In the future, the authors plan to generate patches for new types of bug reports, and extend R2Fix to take the output of existing bug detection tools as input to improve the effectiveness of patch generation. In other words, R2Fix does not use the “ Comment ” fields of the bug reports, because the authors want to apply R2Fix as soon as a bug is reported to maximize the time and effort that R2Fix can save for developers in fixing bugs. The authors estimate that it will take you approximately 3 minutes to complete this short survey. In other words, R2Fix does not use the “ Comment ” fields of the bug reports, because the authors want to apply R2Fix as soon as a bug is reported to maximize the time and effort that R2Fix can save for developers in fixing bugs. 

Q3. What is the purpose of the article?

The patch deletes the line that writes 5 bytes to buffer state (denoted by - strcpy(state, "off ");), and adds a new line to write only 4 bytes to state (+ strcpy(state, "off");), which fixes the overflow bug. 

Q4. What is the purpose of the bug report?

The developers first need to understand this bug report by reading the relevant code together with this report: the buffer state contains only 4 bytes, but 5 bytes, “off \\0”, was written to the buffer, where denotes one space character and the single character ‘\\0’ is needed to mark the end of the string. 

Q5. What is the name of the author?

My dear mother, the first teacher and the role model in my life, gives me confidence to explore new things, especially in a different country far away from my homeland. 

Q6. What is the main focus of this paper?

Developers’ bug-fixing process is primarily manual; therefore the time required for producing a fix and its accuracy depend on the skill and experience of individuals. 

Q7. What is the purpose of this article?

Developers often spend days, weeks, or even months diagnosing the root cause of a bug by reading the relevant source code, using a debugger to observe and modify the program execution on different inputs, etc. 

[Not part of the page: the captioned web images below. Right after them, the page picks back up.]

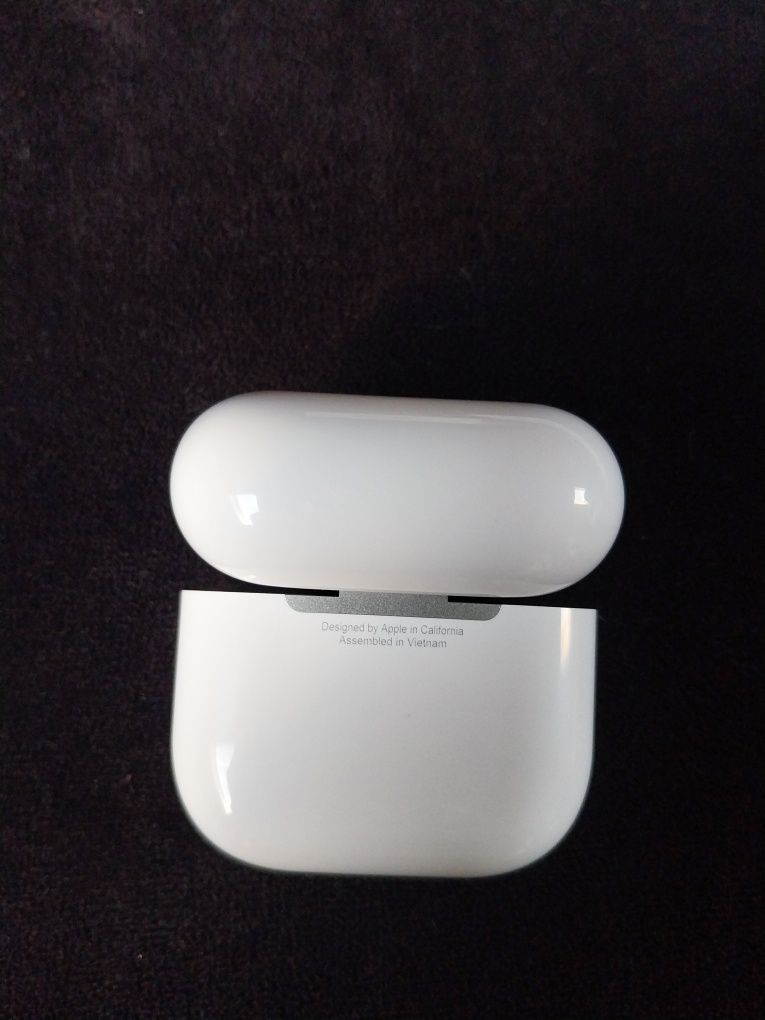 Apple AirPods 4 (ANC)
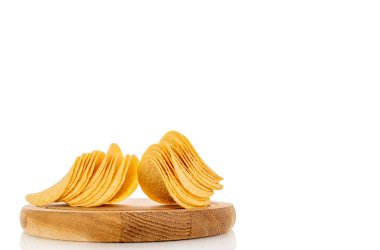 Beyaz arka planda izole edilmiş çıtır patates cipsi, yakın plan..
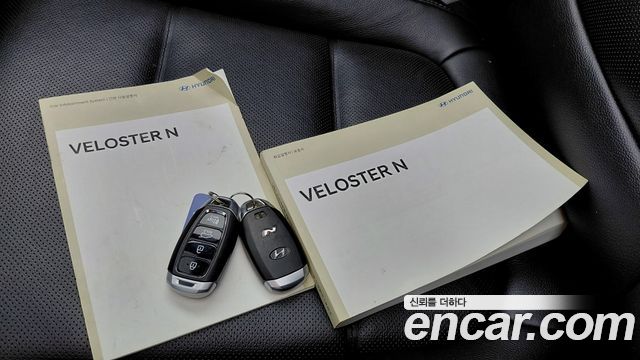 Hyundai Veloster 2021 — photo 16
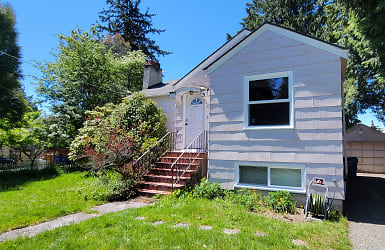 10541 Phinney Ave N unit A - Seattle, WA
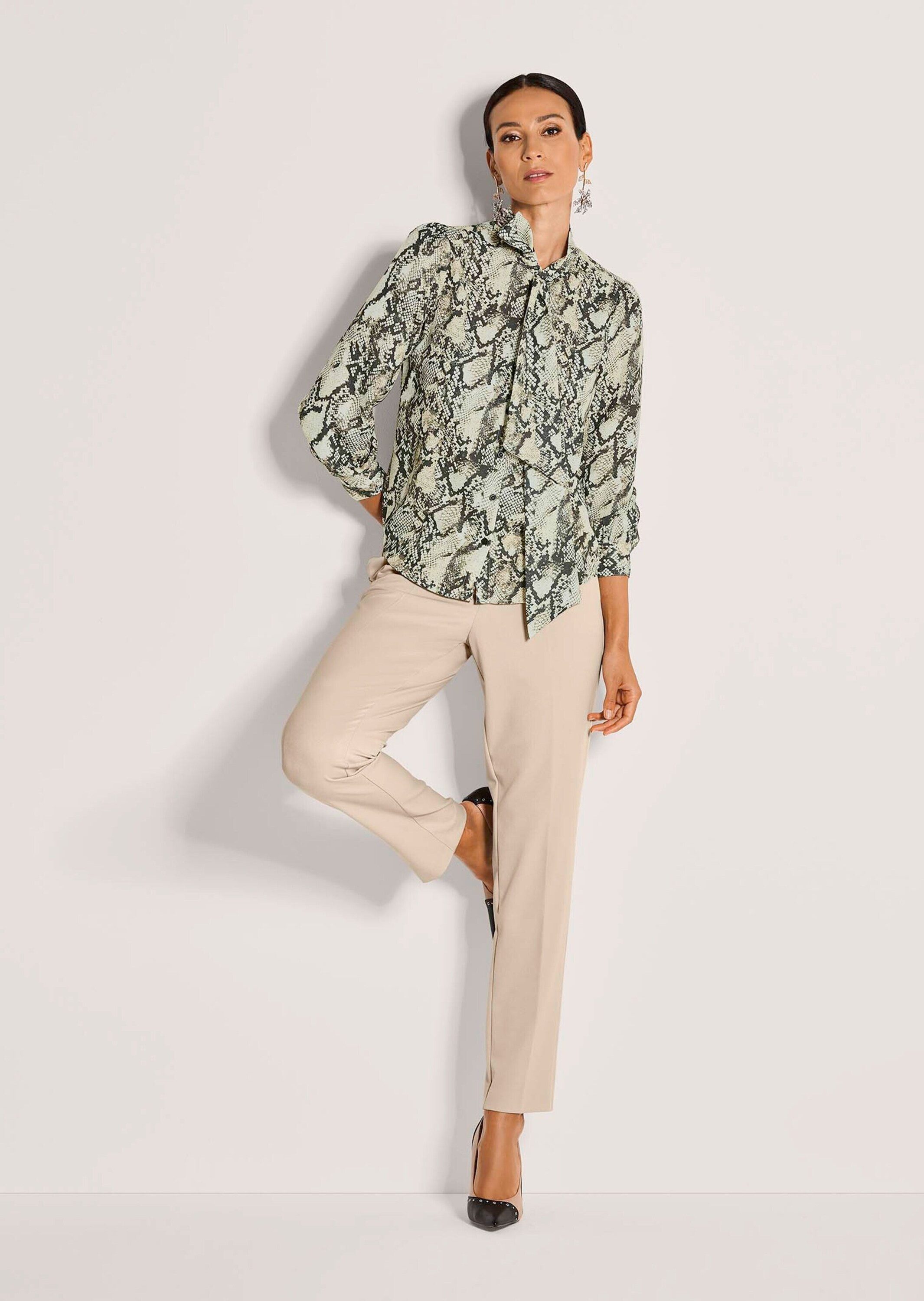 MADELEINE Langarmbluse Elegante Bluse mit Animal-Print Fließende Silhouette günstig online kaufen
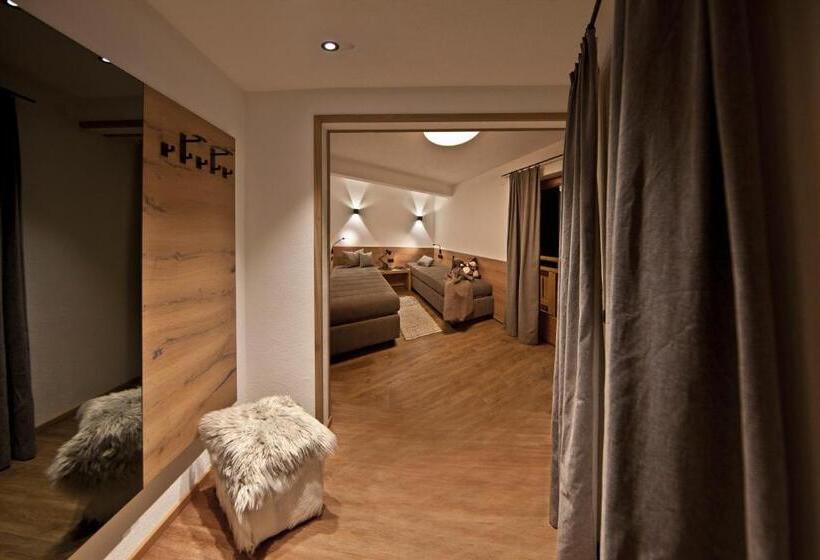 Apartament Superior 1 Dormitori, Villa Michaela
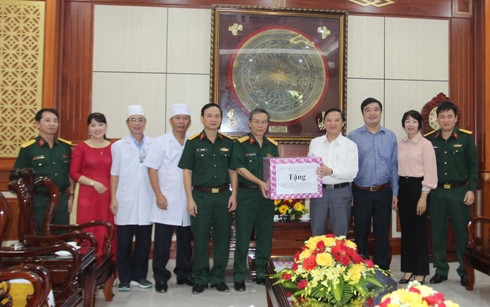 Ông Nguyễn Khắc Định trao quà tặng Bệnh viện Quân y 87.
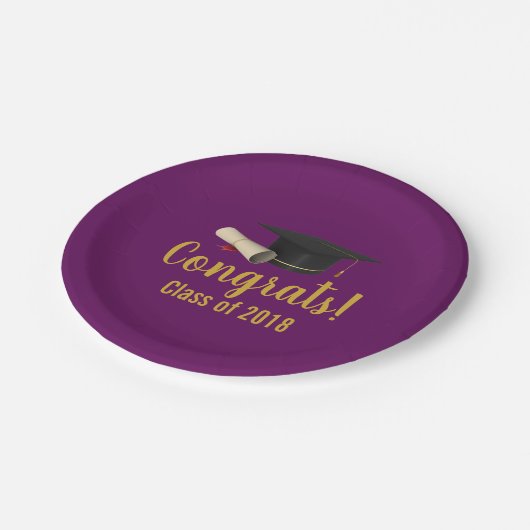 20XXのパープルクラスの卒業式キャップと卒業証書 ペーパープレート (アングル)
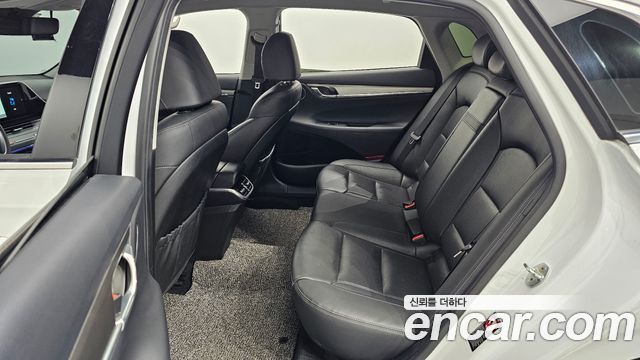 Hyundai Grandeur 2022 — photo 18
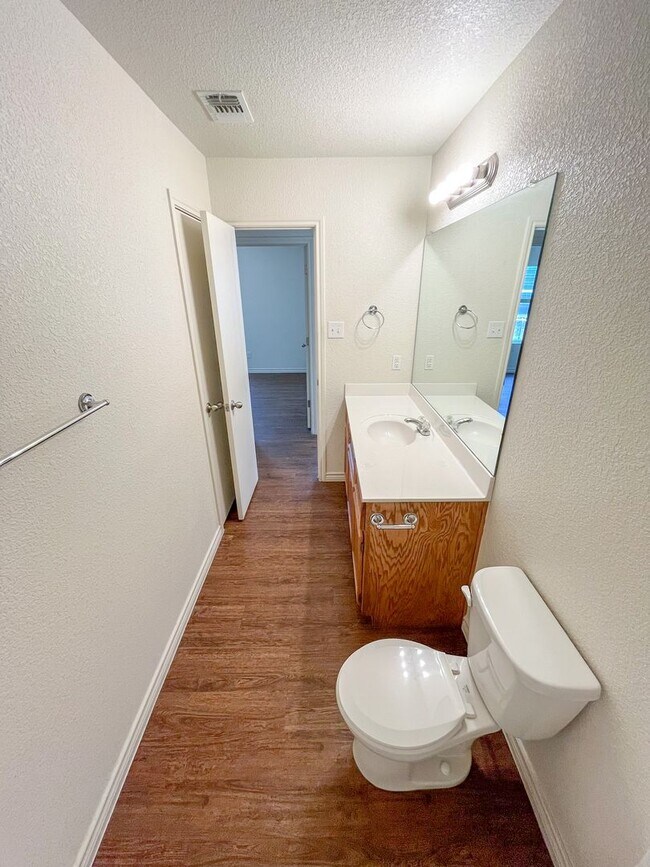 Building Photo - 1517 Justin Lp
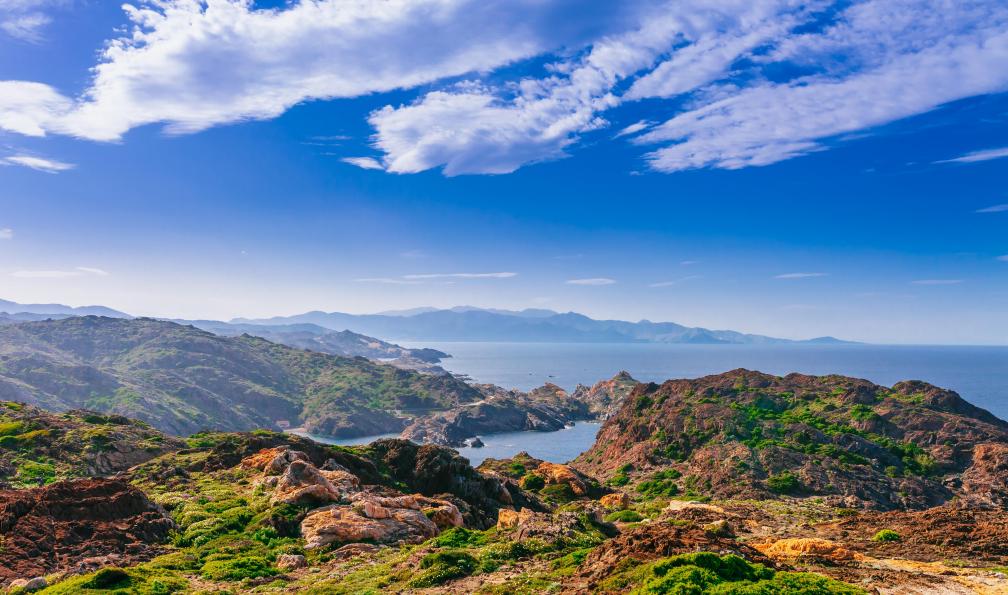 oleg_p_100 - Adobe stock - Coasta Brava, paysage de mer avec Cap de Creus, parc naturel. Pointe orientale de l'Espagne, province de Gérone, Catalogne, Espagne - Cadaqués, 1001 calas au pays de Dali - 10
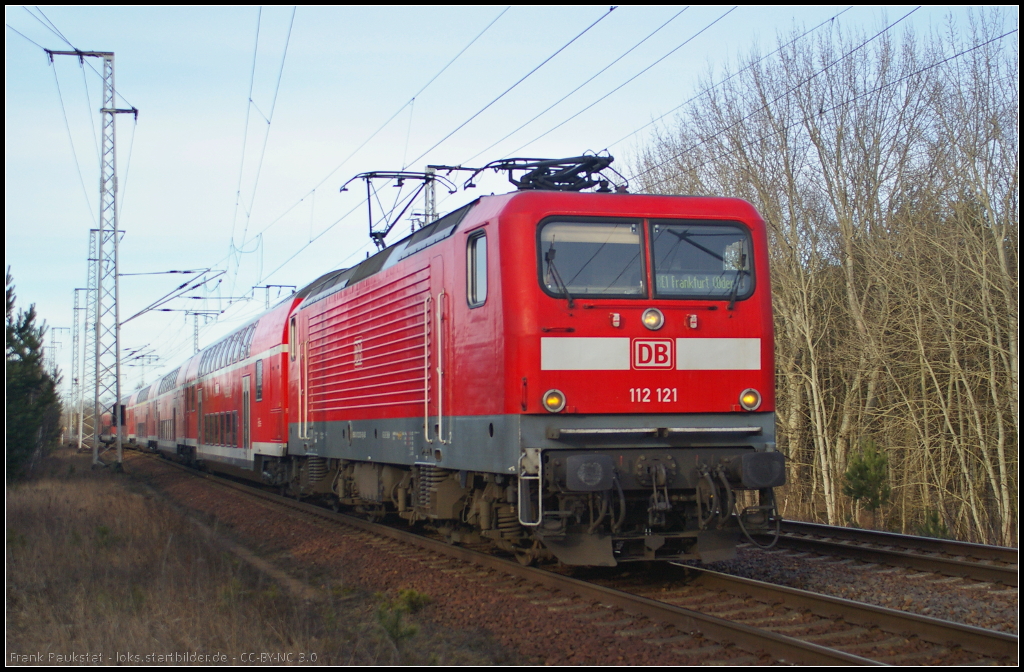DB Regio 112 121 musste wegen eines Gaslecks in Berlin-Mitte mit dem RE1 Frankfurt (Oder) am 10.02.2014 �ber die Berliner Wuhlheide umgeleitet werden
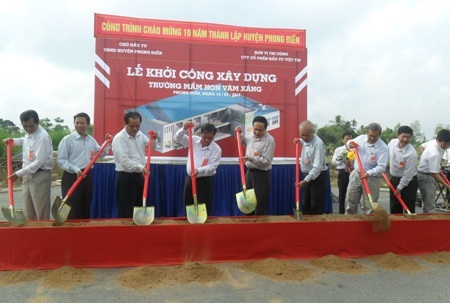 Các đại biểu thực hiện nghi thức khởi công công trình.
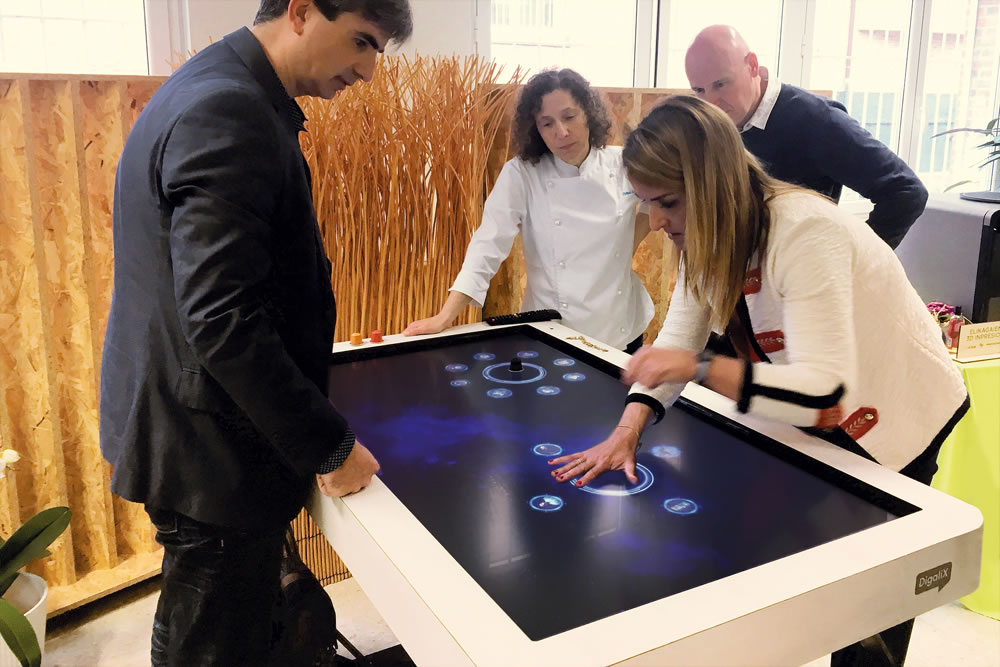 Mesa interactiva XTable en el centro de formación profesional Tknika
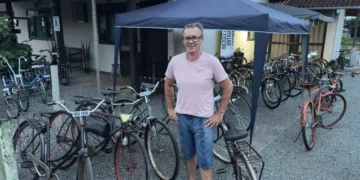 Conheça Loni, o riocedrense que coleciona mais de 100 bicicletas antigas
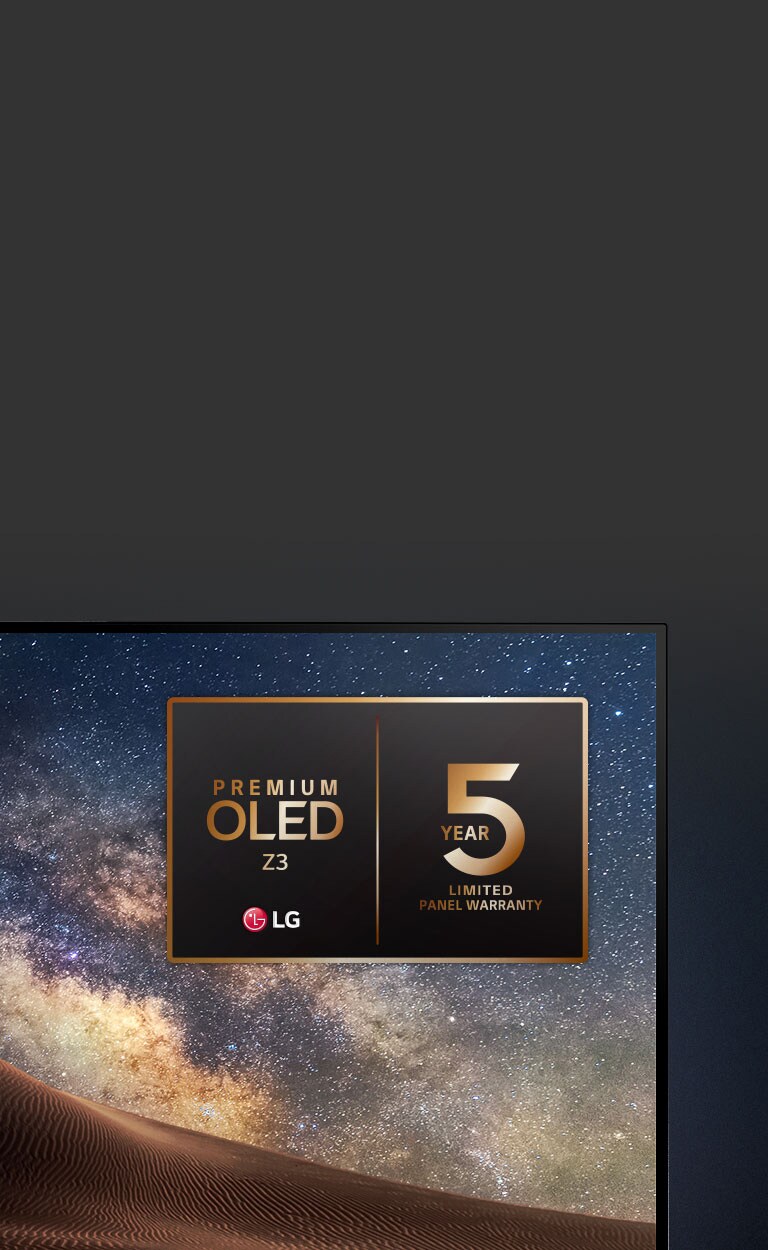 Een beeld van het Noorderlicht wordt weergegeven op een LG OLED TV. De bovenste hoek van de tv wordt getoond tegen een zwarte achtergrond, waar een hemelachtige gradatie zich voortzet. Het logo van de 5-jarige paneelgarantie wordt ook op het tv-scherm weergegeven.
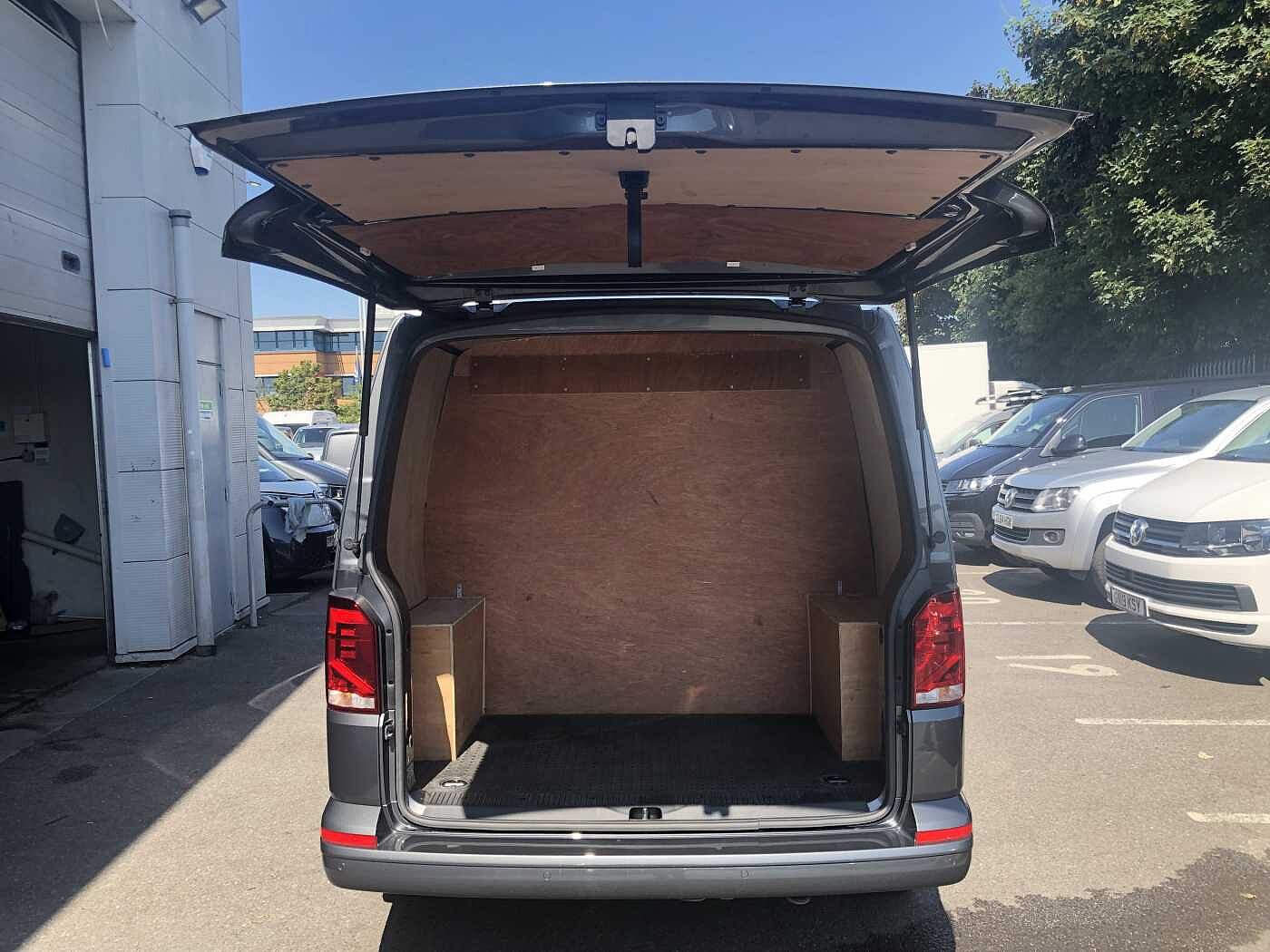 Volkswagen Transporter 2.0TDI 110ps Eu6dT-E T30 Highline SWB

Q8. What is the main purpose of this article?

After a developer determines the root cause, typically the developer needs to figure out how to modify the buggy code to fix the bug, check out the buggy version of the software, apply the fix, and generate the patch. 

Q9. Who is the author of the thesis?

I am thankful to readers of the thesis, Prof. Patrick Lam and Prof. Mahesh V. Tripunitara, for spending their valuable time to review the thesis and give valuable comments.